--- Your instructions ---
An exact transcription of every entry is required. Images are not part of it.

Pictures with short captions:
==============================
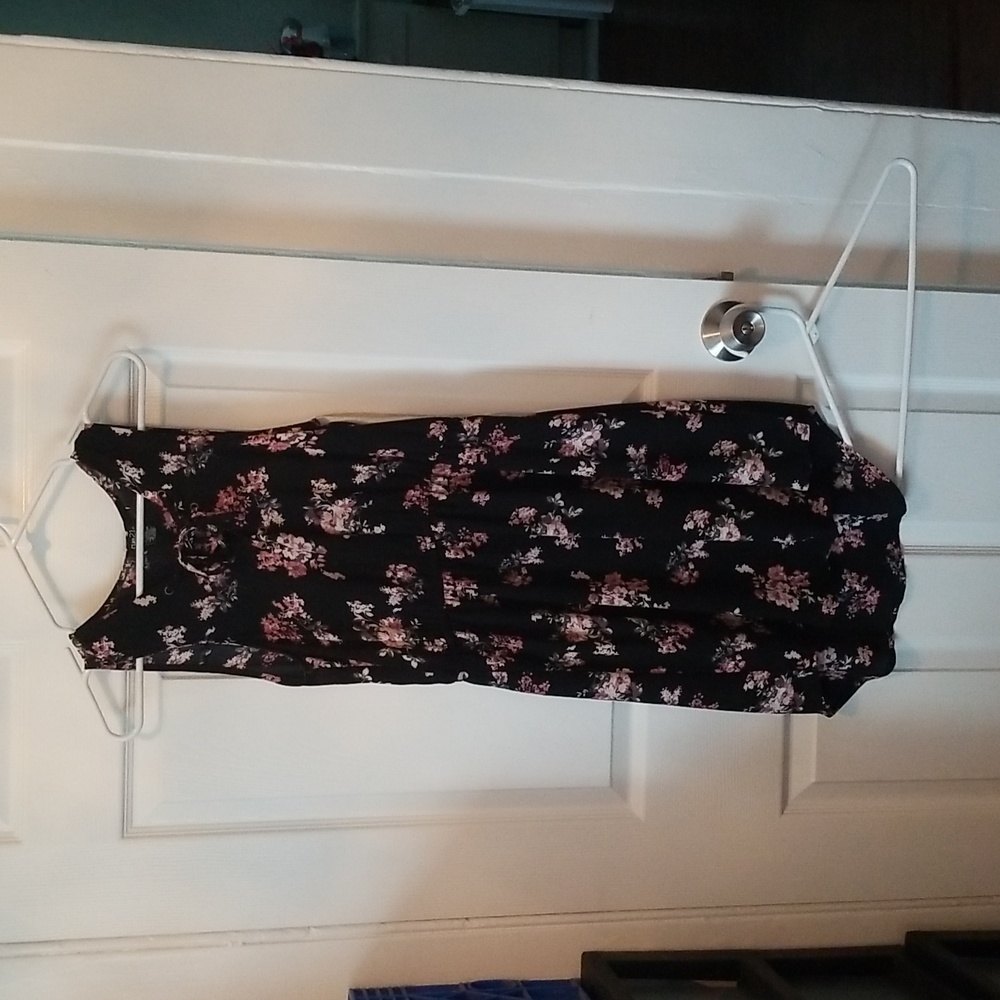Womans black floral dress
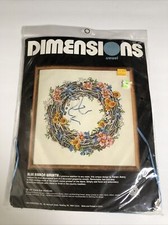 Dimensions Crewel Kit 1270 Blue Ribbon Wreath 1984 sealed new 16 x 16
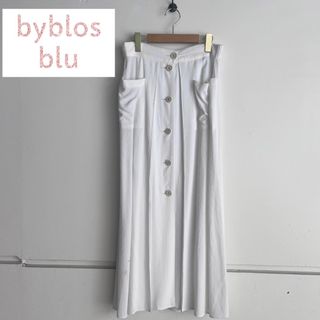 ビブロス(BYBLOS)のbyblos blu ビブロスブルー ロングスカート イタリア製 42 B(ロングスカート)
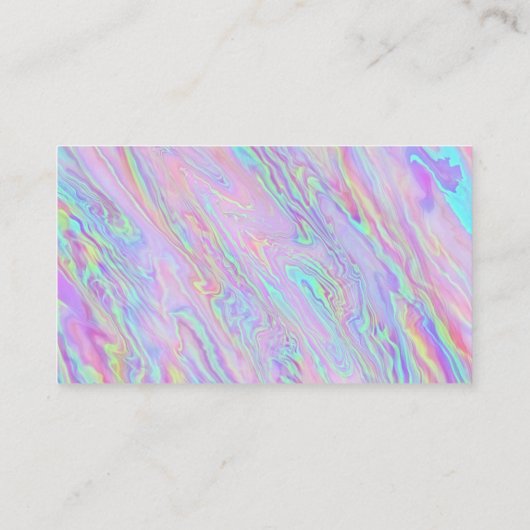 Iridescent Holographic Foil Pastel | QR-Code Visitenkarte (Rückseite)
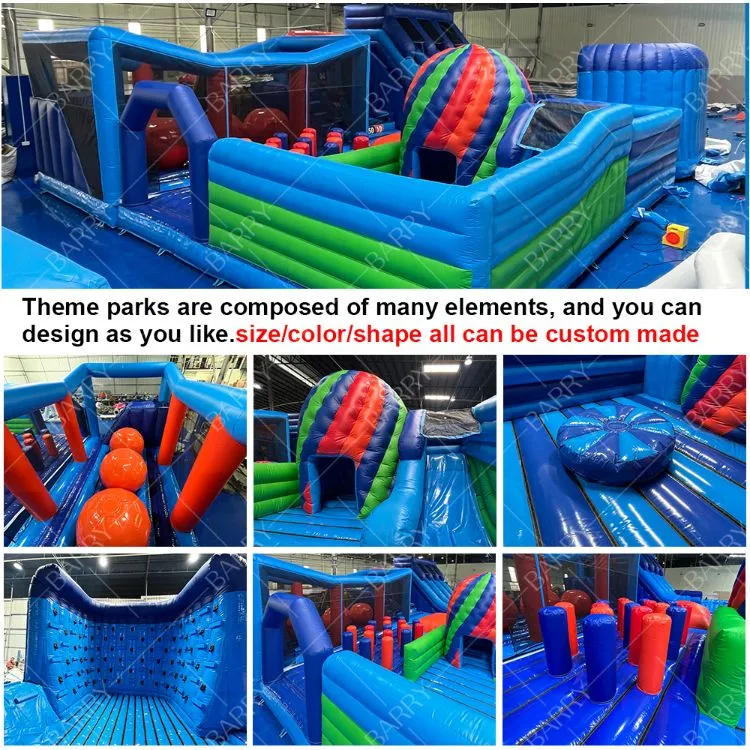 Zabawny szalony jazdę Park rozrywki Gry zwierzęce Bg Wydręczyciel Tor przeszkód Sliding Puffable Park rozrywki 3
==============================
--- Expected output ---
Womans black floral dress
 Dimensions Crewel Kit 1270 Blue Ribbon Wreath 1984 sealed new 16 x 16
 ビブロス(BYBLOS)のbyblos blu ビブロスブルー ロングスカート イタリア製 42 B(ロングスカート)
 Iridescent Holographic Foil Pastel | QR-Code Visitenkarte (Rückseite)
 Zabawny szalony jazdę Park rozrywki Gry zwierzęce Bg Wydręczyciel Tor przeszkód Sliding Puffable Park rozrywki 3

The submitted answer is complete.